How Does One Get The Most Out of a Point-and-shoot? (3-Make an animation)3. Animate!

With your simple compact camera, you can make a pretty interesting animation provided you put in the time and effort. The video mode on your compact may be limited but with the storage capacity of your memory card, you are capable of making stop-motion videos or other simple animations. What you need is stills; a lot of stills and a video making software. It’s as simple as that. It’s an incredibly fun thing to do when you see the results of your hard work. This is also a good way to understand terms like ‘frames per second’ and the likings.

i.  Stop-motion

The easiest thing to do is to make a stop motion video with tiny objects, like action figures. Get creative and share with the rest of the world. Before you start snapping hundreds of shots, make sure to set your settings to manual – manual ISO, manual focus, manual white balance. Why? You wouldn’t want any of these things to be changing in every fraction of a second. To decrease the depth of field, simply zoom in to the maximum. It’ll look pretty good. Next compile these files in your video making software and you’re free to experiment from here onwards. Below is a sample that we made. It is just an experiment and there is no story line here.

For a really good stop motion artist, check out Patrick Boivin on YouTube. Below is a sample of his work.

ii. Time lapse

I love time lapse. It’s always fascinating to see the slow things sped up. What you will need is something that moves a bit too slow for your naked eyes to actually see. Like a sunset or clouds moving. This takes a bit more effort if your camera does not have an intervalometer (a time-adjustable shutter control). If you’re like me and you don’t have one, you’ll have to take a shot every 30 seconds or 20 seconds depending on your preference.

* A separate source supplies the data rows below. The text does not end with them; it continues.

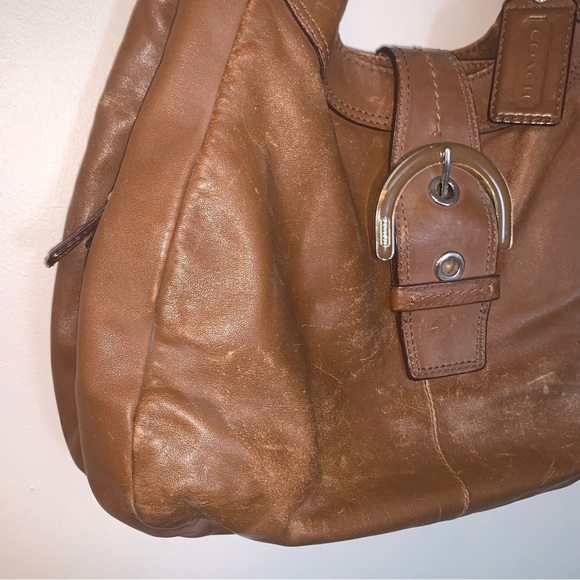 Coach Tan Leather Shoulder Bag with Silver Accents - Picture 7 of 15
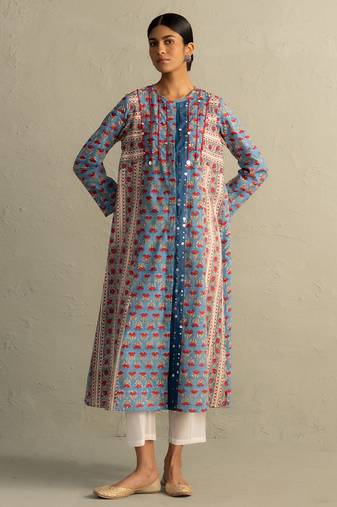 Blue Placket Kurta Set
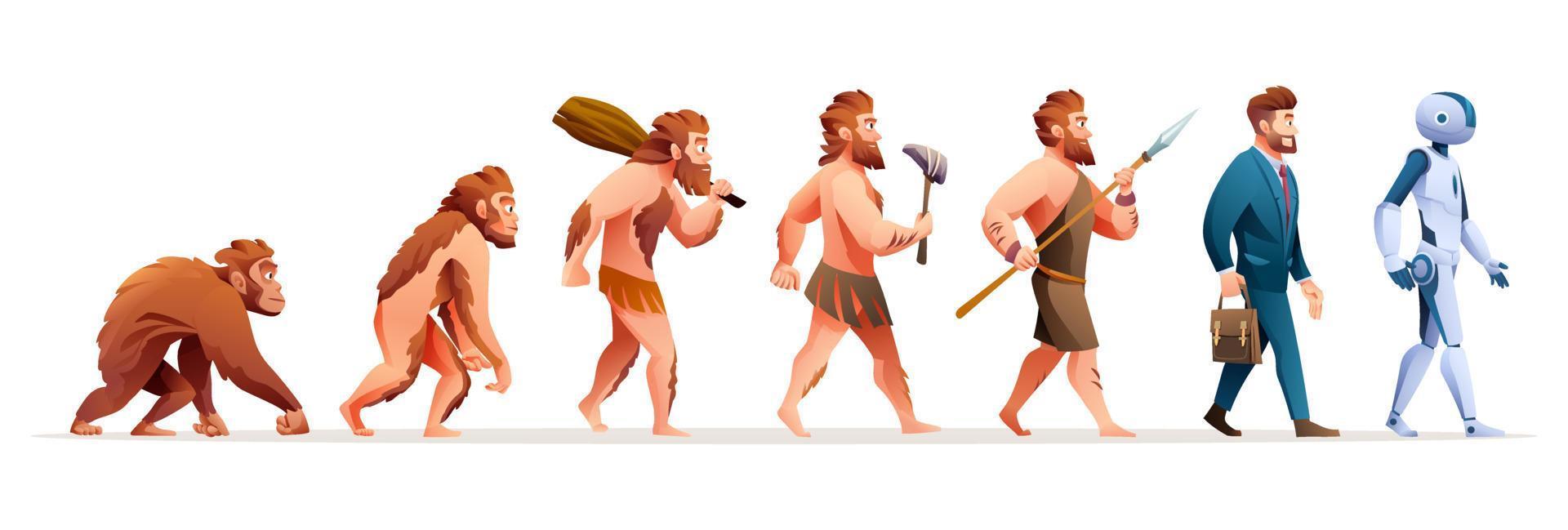 evolução humana de macaco para ilustração vetorial de ciborgue ou robô vetor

What I’ve done below is take a shot every 30 seconds. Do the same thing – manual ISO, focus and white balance. Options on my camera are limited so I can’t control shutter speed and aperture. Looking back, I have to admit the focus is bad. But hey, that’s the whole point of trying.

So what are you waiting for? Don’t make a paper weight out of your tiny compact. Get out there (or stay indoors and build a mini studio) and get creative!